** DATA SEGMENT follows **
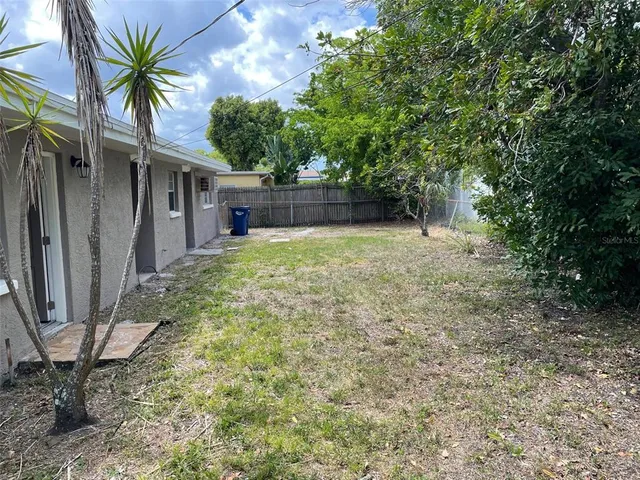 $2,195 | 3704 36th Street West, Bradenton, FL 34205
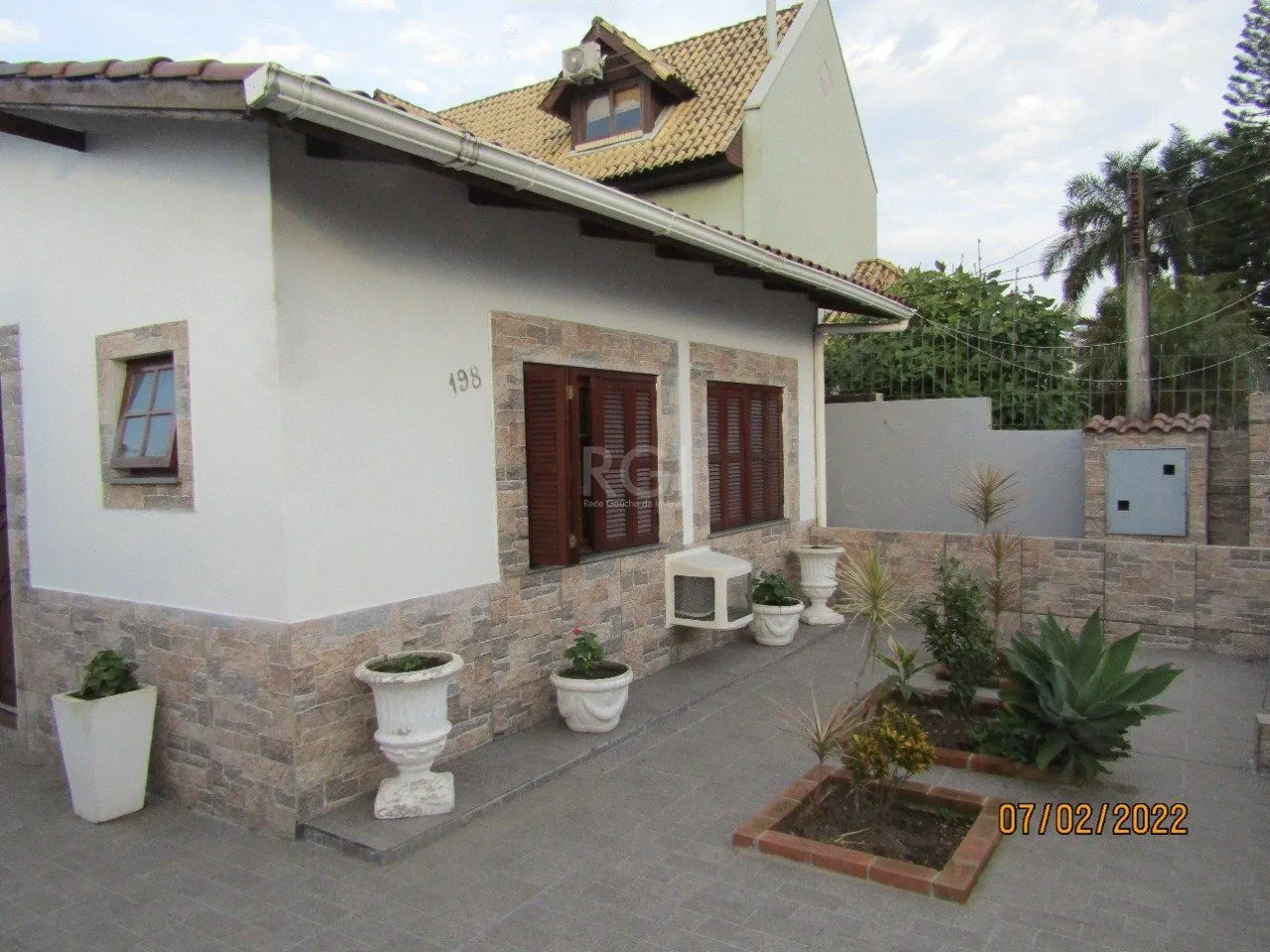 Imagem Casa para Venda - 154.78m², 3 dormitórios, sendo 1 suites, 3 vagas - Camaquã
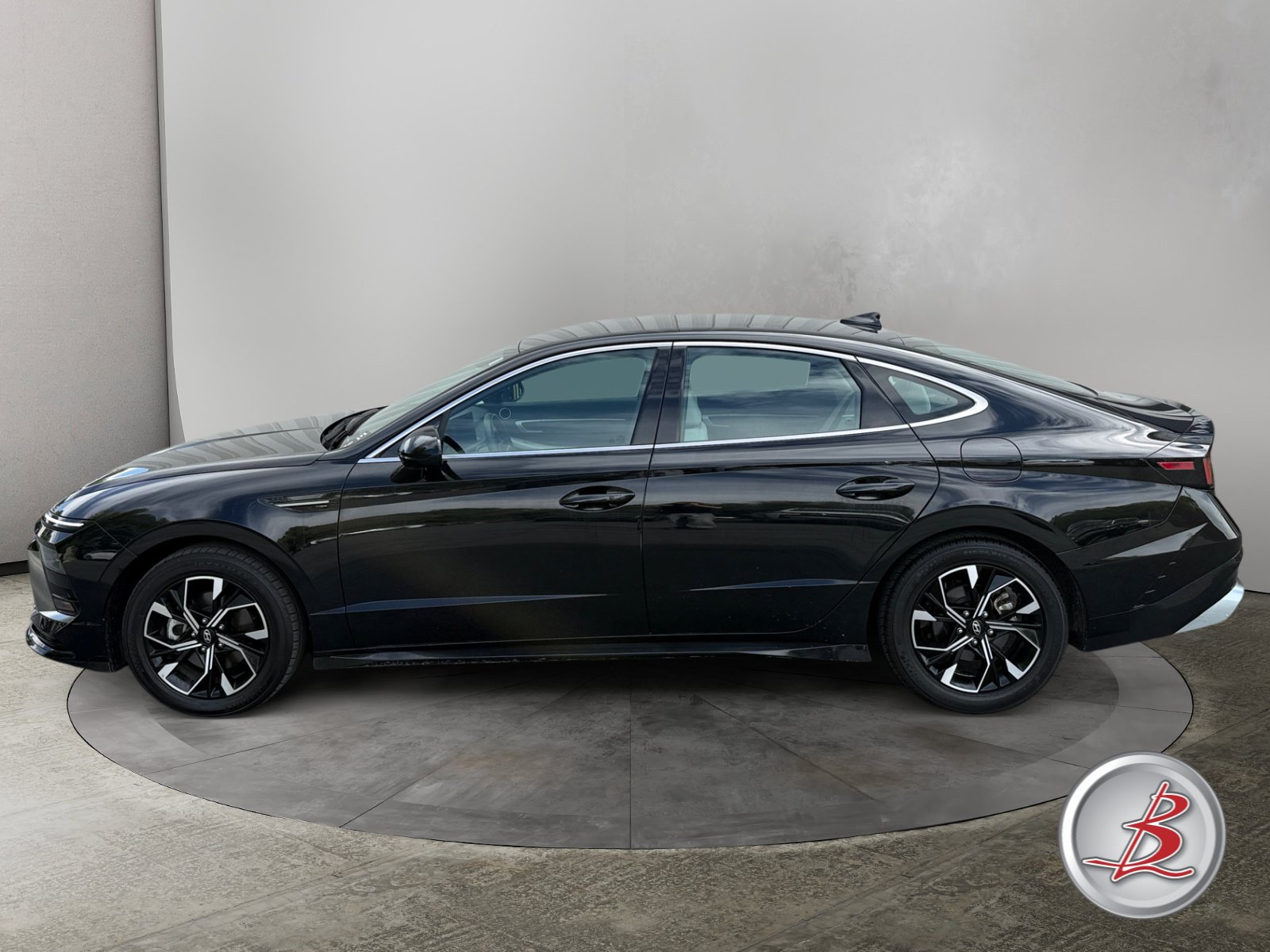 Used 2025 Hyundai Sonata SEL Sedan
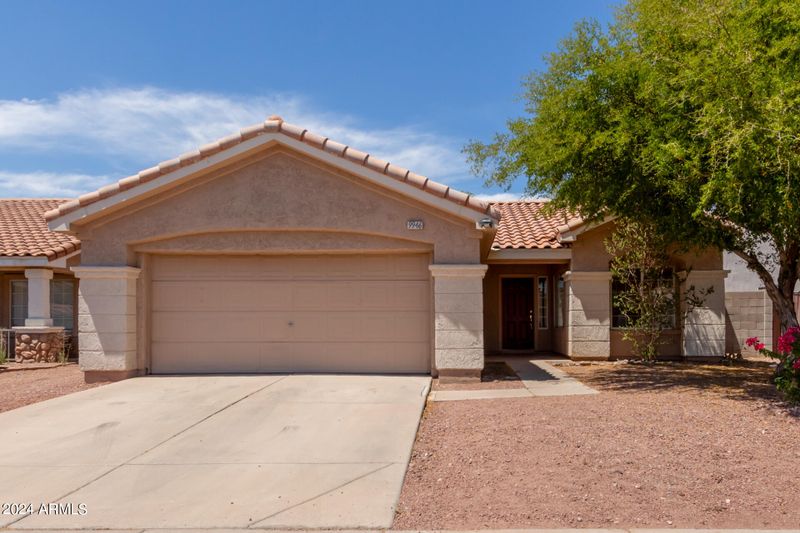 9946 W Mackenzie Dr, Phoenix, AZ 85037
** End of DATA SEGMENT **
HOW TO COMPLETE THIS TASK:
All of the lines above should be copied exactly, apart from the pictures.

TASK RESULT:
 $2,195 | 3704 36th Street West, Bradenton, FL 34205
 Imagem Casa para Venda - 154.78m², 3 dormitórios, sendo 1 suites, 3 vagas - Camaquã
 Used 2025 Hyundai Sonata SEL Sedan
 9946 W Mackenzie Dr, Phoenix, AZ 85037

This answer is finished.